Groom, who died Sept. 17, 2020, just as his beloved Tide were beginning their roll toward Nick Saban’s sixth and final national title in T-Town, often said that being a student during the Bryant era taught him “the importance of winning.” He liked to compare being the author of a book to being a head coach. “As a writer, you are the commanding general,” he explained to Miller’s class in 2012. “It is your job to make sure that everything you do is as perfect as you can get it.”
Groom’s written version of Gump was far less perfect than the character in the film. The film version was also a hell of a lot smaller. In the movie, Gump’s frame is an even 6 feet tall, weighing in at 175 pounds, which is what Tom Hanks describes as his frame at the time. In the novel, Gump is massive, standing 6-6 and making the scales creak at a hefty 240. On the written page, he doesn’t return kicks. Groom’s Bryant envisions Gump as a wide receiver and has him constantly drilling pass routes in practice. But when Gump struggles to mentally digest the playbook, Bear decides to pivot to a strategy of “We is gonna turn your big ass loose,” and Forrest Gump becomes a halfback.
In his first game, the season opener against Georgia, Gump scores four touchdowns in a 35-3 rout of the Dawgs. The Tide won the national title during a time when titles were awarded before bowl games were played. Good thing. The semi-fictional Bama team lost to Nebraska in the Orange Bowl after Kenny Stabler, who was supposed to throw the ball to No. 44 for what would have been Gump’s third TD of the game, instead threw it out of bounds when he mistakenly thought it was third down, not fourth.

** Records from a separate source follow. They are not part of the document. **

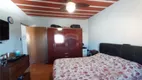 Foto 32 de Casa com 4 Quartos à venda, 213m² em Providência, Belo Horizonte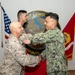 CLDJ Service Members Graduate from Corporals Course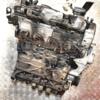 Двигатель VW Scirocco 2.0tdi 2008-2017 CBB 298313 - 2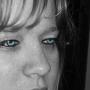 Julie Cline Photo 19
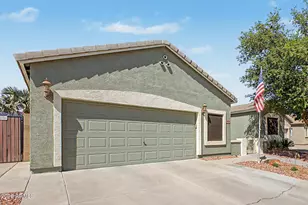 17630 W Crocus Dr, Surprise, AZ 85388 - Photo 30
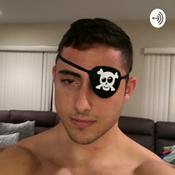 Podcast Poems of an Introvert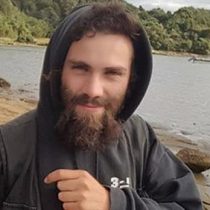Caso Maldonado se convierte en puzzle policial: cuerpo hallado en río Chubut tenía cédula de identidad del activista mapuche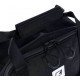 Elektron Carry Bag ECC-7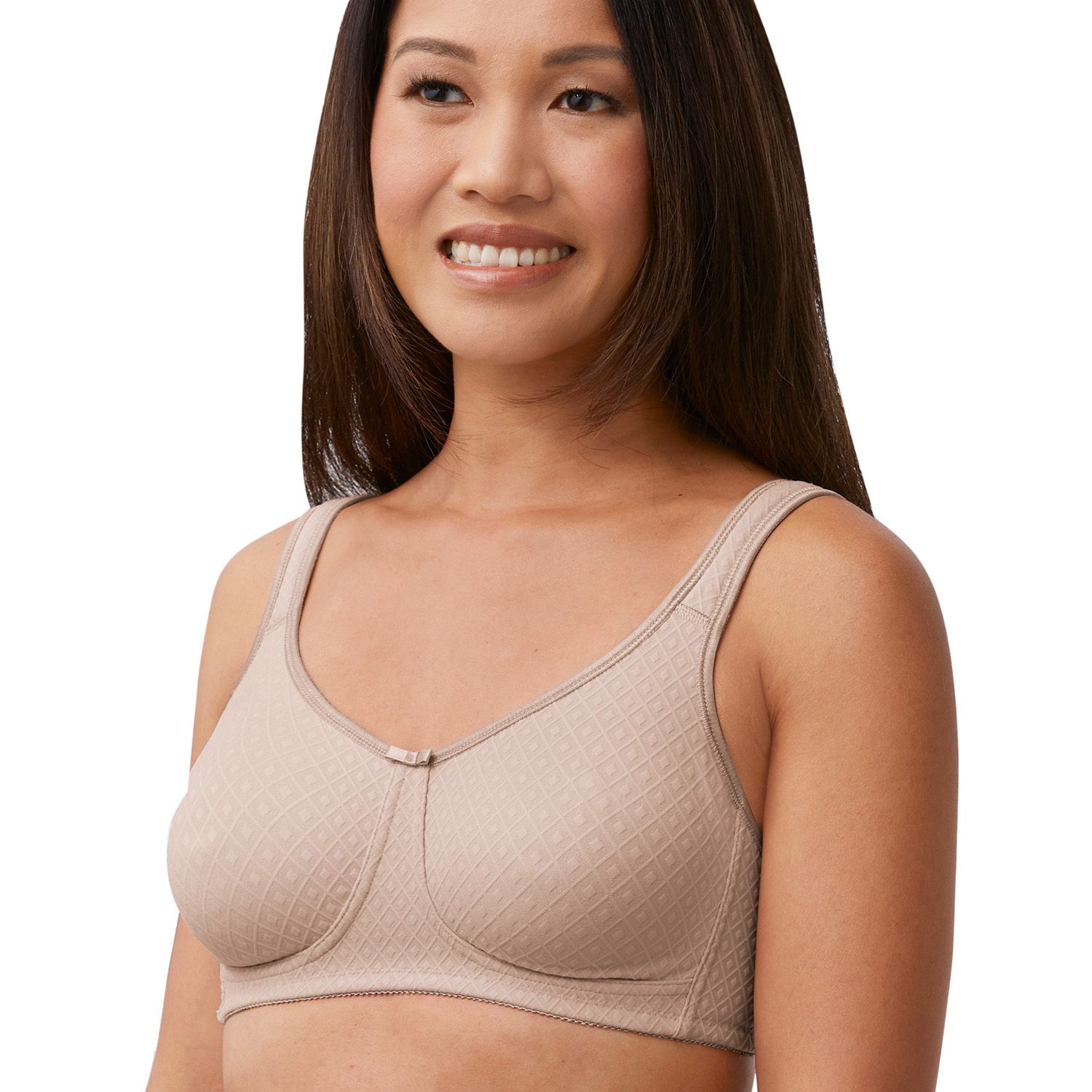 amoena mastectomy bra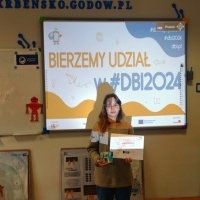 DBI-rozdanie nagród (3)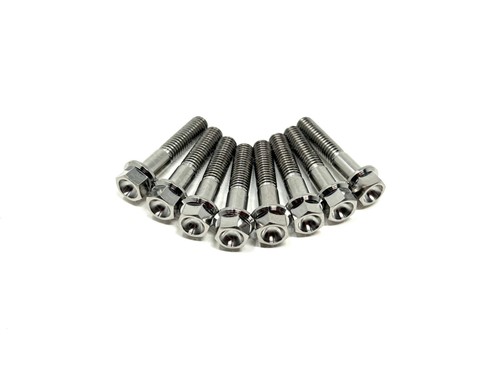 Rrracing titanium suzuki gsxr - rrracing,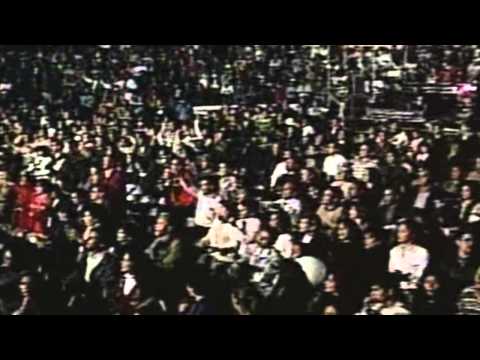 Sólo le pido a Dios - León Gieco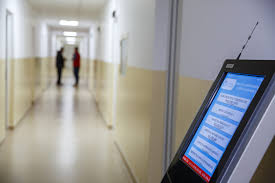 Distribuirea Tichetelor Sociale Cluj Napoca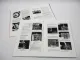 Mc Cormick D432 439 Betriebsanleitung & Werkstatthandbuch Reparaturhandbuch 1964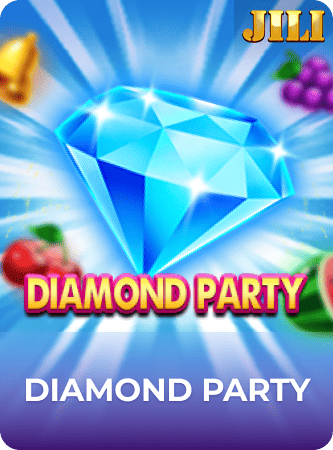 diamond party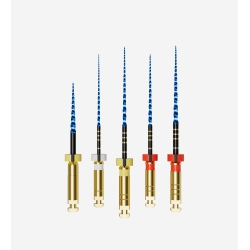 T-FLEX ASS 25mm - folie 5 buc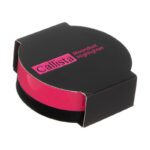 هایلایتر کالیستا مدل مون داست شماره 2 - Image 3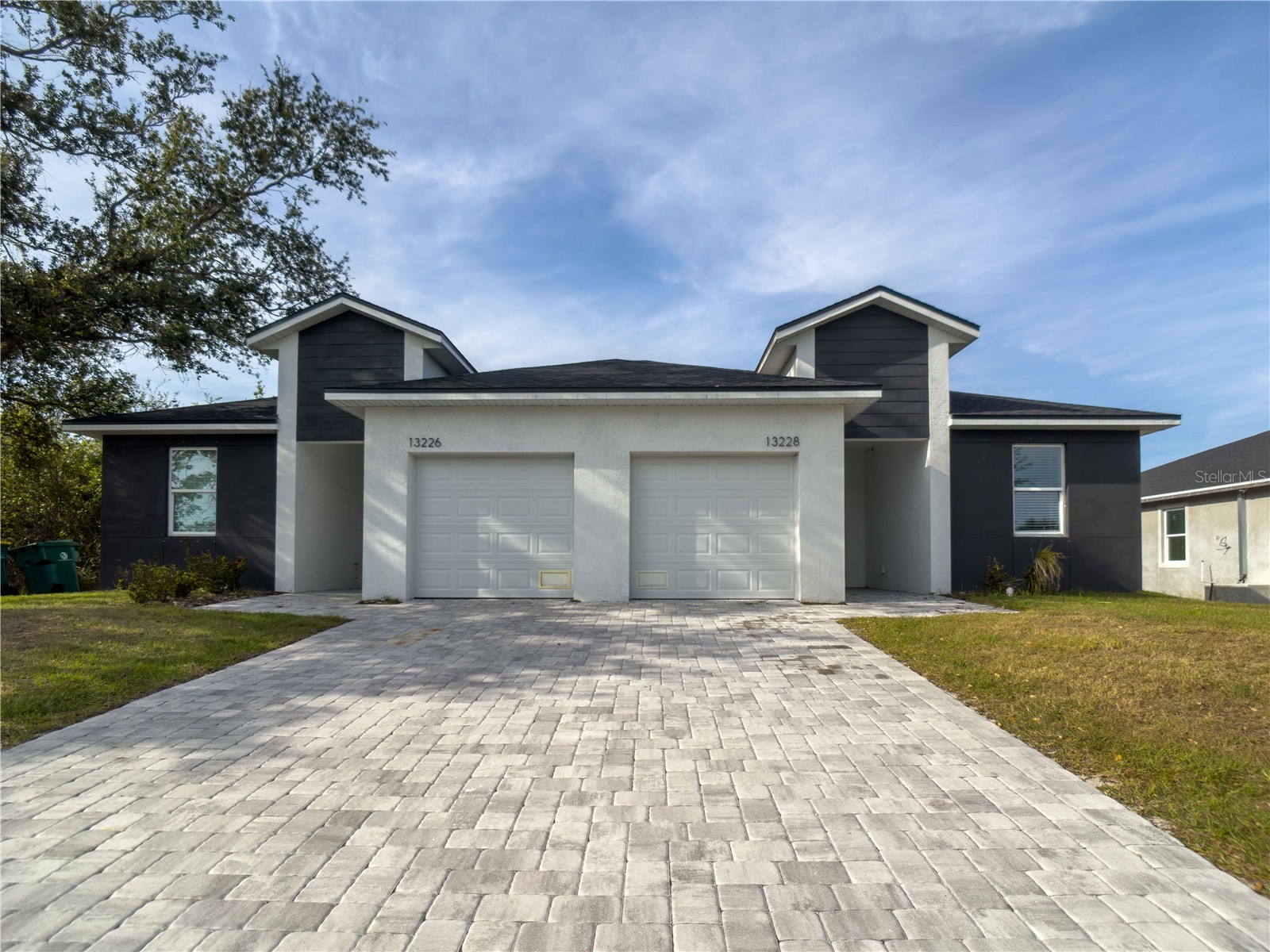 13228 Blytheville Avenue Avenue Port Charlotte FL 33981 O6394851 image4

“As with most of what Winston wrote about Gump and college football, that was based in truth,” Miller said. “The ’64 team went undefeated in the regular season and won the national championship but lost to Texas in the Orange Bowl. And Kenny Stabler did make that infamous mistake, but it was in the Tennessee game the following year.”
“Now you wouldn’t believe me if I told you, but I could run like the wind blows.”

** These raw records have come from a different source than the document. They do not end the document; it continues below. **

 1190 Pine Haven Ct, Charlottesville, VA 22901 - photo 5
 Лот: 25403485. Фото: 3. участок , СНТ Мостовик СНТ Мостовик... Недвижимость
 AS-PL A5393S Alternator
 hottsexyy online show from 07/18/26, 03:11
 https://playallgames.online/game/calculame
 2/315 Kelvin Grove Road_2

Almost exactly six decades after Stabler’s mistake that led to a tie, the Vols and Tide were once again on the field for the Third Saturday in October. It was Oct. 19, 2024, and 101,910 of the 101,915 people in attendance were watching No. 7 Alabama battle No. 11 Tennessee in Knoxville. The five who were not were hunkered down in a corner of the Neyland Stadium media box. A sportswriter was showing four NFL scouts footage of a fictional college football player and asking for a talent assessment.

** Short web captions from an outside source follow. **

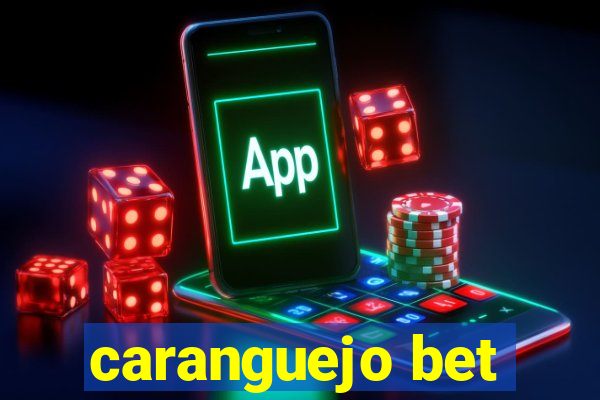 caranguejo bet
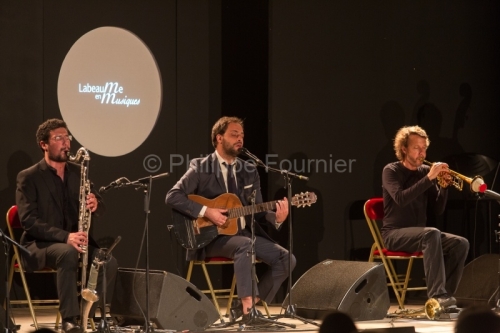 IMG_1408120_SOIREE ANTONIO ZAMBUJO QUINTET LABEAUME EN MUSIQUES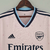 camisa-do-2022-e-2023-roxa-camiseta-blusa-iii-away-terceira-arsenal-third-22-23-torcedor-adidas-masculina-rosa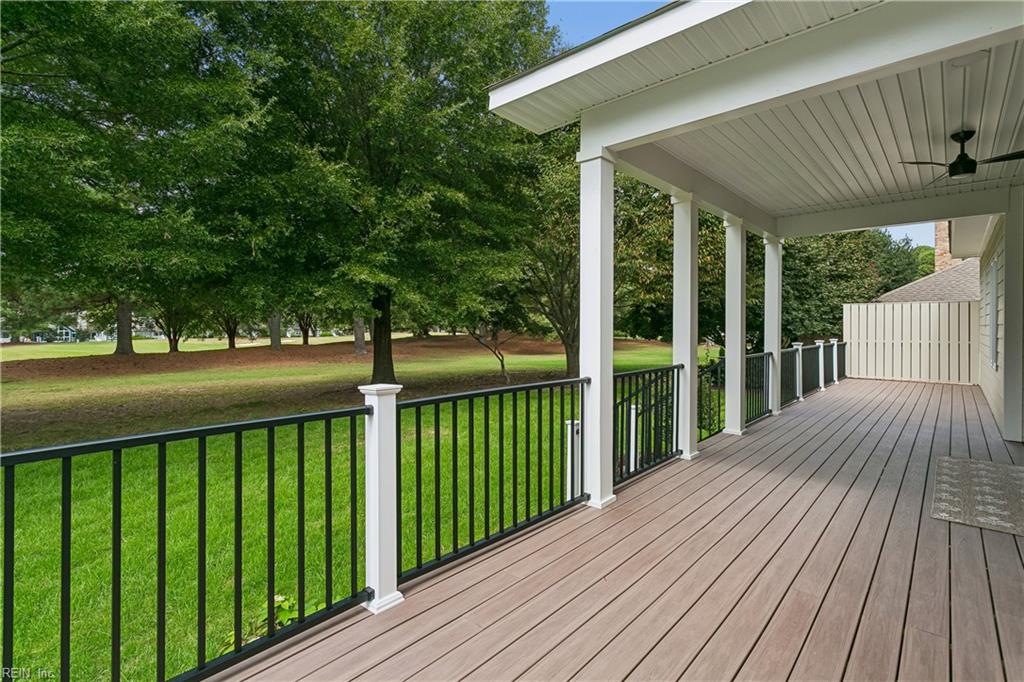 121 Randolphs Grn Property Photo 26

Said one: “He’s too one-dimensional. It’s all straight-line, like a track guy trying to become a football player.”
Replied another: “Who gives a damn about that? Look how fast he is. Has anyone clocked him?”
They were told that in the novel, Bryant says Gump runs the “hunrit yards” in 9.5 seconds. But before it could be explained what that translates to in NFL draft combine 40-yard dash speed, one of the scouts already had a watch on Gump’s TD return against Tulane.
“I’ve got him at 4.5 in the 40. Sign his ass up,” he declared. “I’m not using a high-round draft pick on him. My bosses wouldn’t do that anyway because you know he’s going to bomb the s— out of the interviews. But if we can take guys who have never played football and turn them into All-Pros just based on how strong or fast they are” — see: Ziggy Ansah and current Bills OT Travis Clayton — “then I think I’d take a chance on a dude this fast.”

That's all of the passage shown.